After his playing career, Holmoe spent stints as a coach at both Stanford and California. He’s happy to bring BYU to the San Francisco bowl game.
“I knew it would be fun to come back to the Bay Area and play,” Holmoe said.
On the day that BYU announced it was going independent, back in 2010, Fight Hunger Bowl executive director Gary Cavalli called Holmoe, whom he called his “old friend.” They had worked together at Stanford.
“We booked BYU on the spot,” Cavalli said.
While Holmoe would have loved for the Cougars to play at Candlestick Park, he said AT&T Park, home of the San Francisco Giants, is a great venue.
“AT&T Park is a baseball field, but it’s a beautiful place,” Holmoe said, adding that the players are having fun in San Francisco.
“Even after one day, our student-athletes really feel like that it’s a special city,” Holmoe said. “They like being around the energy of the city. That’s one of the things about bowl games — both teams have to deal with distractions that come with that. There are a lot of distractions here. So hopefully they’re focused on beating Washington.”
The Cougars enter the game with an 8-4 record after coach Bronco Mendenhall overhauled his entire offensive coaching staff almost a year ago.
How does Holmoe evaluate the season?
“I thought that there were games that we played extremely well. There were a couple of games where we didn’t play great,” he said. “But it was a tough schedule and we had a couple of injuries on the defensive side that really hurt. Offensively, we did some great things rushing the ball. There were some games this year where we had a balanced attack, so I know we’re capable of some really great things. I thought the offensive staff came together with the offensive players and put together a pretty good season.”
Holmoe said there’s a lot to look forward to with the program.
“There’s good chemistry with this offensive staff. The offensive players and coaches are still coming together to learn this system. It’s a very different system than in past years. With any coaching changes, there’s going to be a learning curve and I think we’re still in that process. But we’ve been able to do some good things. I do think the future is bright.”
While BYU is scheduled to play in the Poinsettia Bowl in San Diego in 2016 and 2018, the Cougars have not announced any bowl ties for 2014 or 2015.
“I know for next year’s game, we’re working on something new,” Holmoe said. “I can’t say anything about it until it gets done.”
Mendenhall said he’s not concerned about BYU’s postseason destination for next year.
“It’s already in the works.

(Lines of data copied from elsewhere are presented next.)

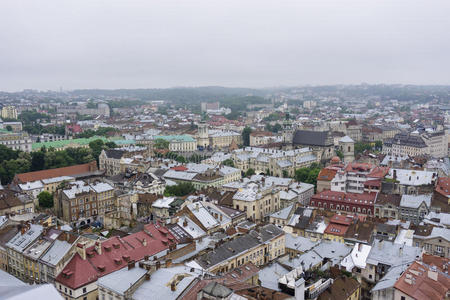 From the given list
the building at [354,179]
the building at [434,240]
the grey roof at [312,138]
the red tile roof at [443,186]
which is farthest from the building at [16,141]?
the building at [434,240]

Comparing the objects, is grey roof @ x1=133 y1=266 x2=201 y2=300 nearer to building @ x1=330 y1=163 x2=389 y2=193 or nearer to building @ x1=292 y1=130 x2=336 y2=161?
building @ x1=330 y1=163 x2=389 y2=193

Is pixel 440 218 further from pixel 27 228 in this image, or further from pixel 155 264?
pixel 27 228

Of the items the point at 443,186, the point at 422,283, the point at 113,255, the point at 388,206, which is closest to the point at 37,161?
the point at 113,255

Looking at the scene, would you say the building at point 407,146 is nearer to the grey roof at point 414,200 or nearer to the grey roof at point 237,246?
the grey roof at point 414,200

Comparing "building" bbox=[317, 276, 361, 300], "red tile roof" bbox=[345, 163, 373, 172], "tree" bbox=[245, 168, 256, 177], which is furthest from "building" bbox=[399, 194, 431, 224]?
"tree" bbox=[245, 168, 256, 177]

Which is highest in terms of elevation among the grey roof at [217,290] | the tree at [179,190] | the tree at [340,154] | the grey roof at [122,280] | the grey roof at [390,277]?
the grey roof at [217,290]

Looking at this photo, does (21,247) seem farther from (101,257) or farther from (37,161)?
(37,161) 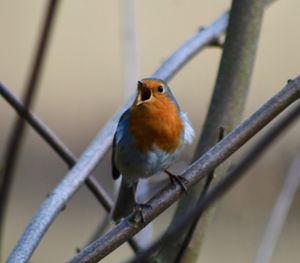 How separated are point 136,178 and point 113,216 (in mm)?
158

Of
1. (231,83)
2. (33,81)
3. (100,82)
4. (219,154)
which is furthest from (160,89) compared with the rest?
(100,82)

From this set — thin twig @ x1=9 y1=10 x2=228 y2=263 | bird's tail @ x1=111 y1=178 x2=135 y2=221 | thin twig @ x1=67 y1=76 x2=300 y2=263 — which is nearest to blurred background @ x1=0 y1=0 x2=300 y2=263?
bird's tail @ x1=111 y1=178 x2=135 y2=221

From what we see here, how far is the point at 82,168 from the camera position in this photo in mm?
2520

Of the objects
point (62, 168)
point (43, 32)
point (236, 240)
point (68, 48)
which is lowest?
point (236, 240)

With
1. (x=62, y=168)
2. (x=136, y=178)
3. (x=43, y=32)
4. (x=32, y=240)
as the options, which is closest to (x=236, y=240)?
(x=62, y=168)

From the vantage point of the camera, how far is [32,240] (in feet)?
7.03

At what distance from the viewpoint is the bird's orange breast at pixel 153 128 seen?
2832 mm

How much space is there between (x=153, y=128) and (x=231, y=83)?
0.32 meters

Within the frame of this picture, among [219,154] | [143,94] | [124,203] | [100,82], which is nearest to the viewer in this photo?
[219,154]

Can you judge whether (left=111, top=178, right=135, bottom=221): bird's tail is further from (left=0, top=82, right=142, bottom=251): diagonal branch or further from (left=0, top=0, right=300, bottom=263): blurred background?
(left=0, top=0, right=300, bottom=263): blurred background

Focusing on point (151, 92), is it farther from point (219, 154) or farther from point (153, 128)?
point (219, 154)

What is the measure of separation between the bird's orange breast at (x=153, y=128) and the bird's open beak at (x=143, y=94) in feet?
0.08

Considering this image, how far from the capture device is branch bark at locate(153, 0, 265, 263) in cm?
270

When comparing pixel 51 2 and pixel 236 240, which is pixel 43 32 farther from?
pixel 236 240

It’s not my place to announce it,” he said. “Tom has that. There’s no worry about if we’ll have one or where we’ll play or anything like that. It’s actually a really good situation. Tom will make that announcement whenever he sees fit.”
While Mendenhall said he and Holmoe don’t spend a lot of time together when they travel to bowl games, he acknowledged that this week must be special for Holmoe.
“I’m sure it’s a great experience for him to reconnect and come back to San Francisco,” Mendenhall said. “I’m sure there are a lot of fond memories.”
Mendenhall said Holmoe works hard to ensure that players and coaches enjoy the bowl experience.
“Tom treats our coaches really, really well. Not only in terms of incentives, but making the bowl experience great for them,” Mendenhall said. “I just express gratitude to him for that. He makes it a meaningful and worthwhile experience to achieve postseason play.”
For Holmoe, being back in San Francisco this week — at least so far — has been memorable.
“I’m loving it,” he said. “It’s great to be here.”